In the vein of Madeline Miller’s Circe, which looked at The Odyssey from the point of view of Circe, Pat Barker, a former winner of the Booker Prize, takes a different perspective on the Trojan War, and especially the events of The Iliad, in her newest book, The Silence of the Girls.

The protagonist of The Silence of the Girls is Briseis, who had been the queen of one of Troy’s neighboring cities before the Greeks attacked and sacked the city.  Achilles, the greatest of the Greek warriors, not only led the destruction of the city but also murdered its king, Briseis’ husband, and all her brothers.  She herself was taken by Achilles as his concubine, to be a prize of war. The change in her life was radical, but Briseis had to adjust, as did so many of her fellow women in and around Troy, to the changing fortunes of war.  

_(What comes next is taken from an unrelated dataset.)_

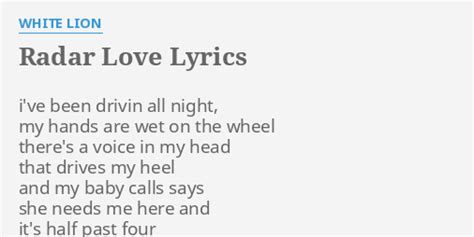 radar love lyrics white lion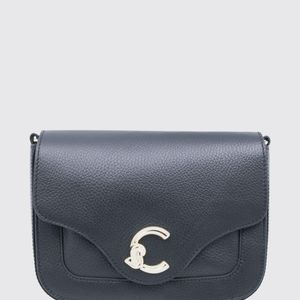 Coccinelle Grey C-Me Mini Pebbled Leather Crossbody Bag With Flap Closure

Becoming Achilles’ concubine was difficult enough, but then Agamemnon, the leader of the Greek forces, demanded Briseis be turned over to him (to make up for his having to give back the daughter of a priestess of Apollo, which Agamemnon only did because Apollo sent a plague to the Greek camp as punishment) . The conflict between Agamemnon and Achilles over Briseis led to the events of The Iliad, in which Achilles stayed in his tent, refusing to lend his men or his prowess to the Greek efforts because of Agamemnon’s attack on his honor (as he saw it).  Briseis was in a unique position, able to observe the conflict from both sides, even as she’s seen as a prize, an object to be bartered back and forth, and not a human being with thoughts and desires of her own.

The book is unsparing; all the brutal stuff that’s left out of The Iliad or only referred to in passing is depicted in pitiless detail here.  This is war, and people are slaughtered before your eyes, as her family members were slaughtered before Briseis’ eyes. Women are raped, women are enslaved, women witness their children being murdered.  You should be aware, going in, that this book is not going to whitewash any of that.

But you get to see Achilles and Agamemnon and all the other “heroes” of the Greek story as the complex and often brutal people they were.  It’s a version of the story that makes it clear there are no “good guys” and no “villains,” because the men on both sides of the war were both.

Whether or not you’ve read The Iliad recently (like in the last decade) or your only familiarity with the story is through the Brad Pitt movie Troy, you’ll be able to follow the plot of this book and feel with Briseis the tragedy of war from the point of view of the people who are not making the decisions but suffering their consequences.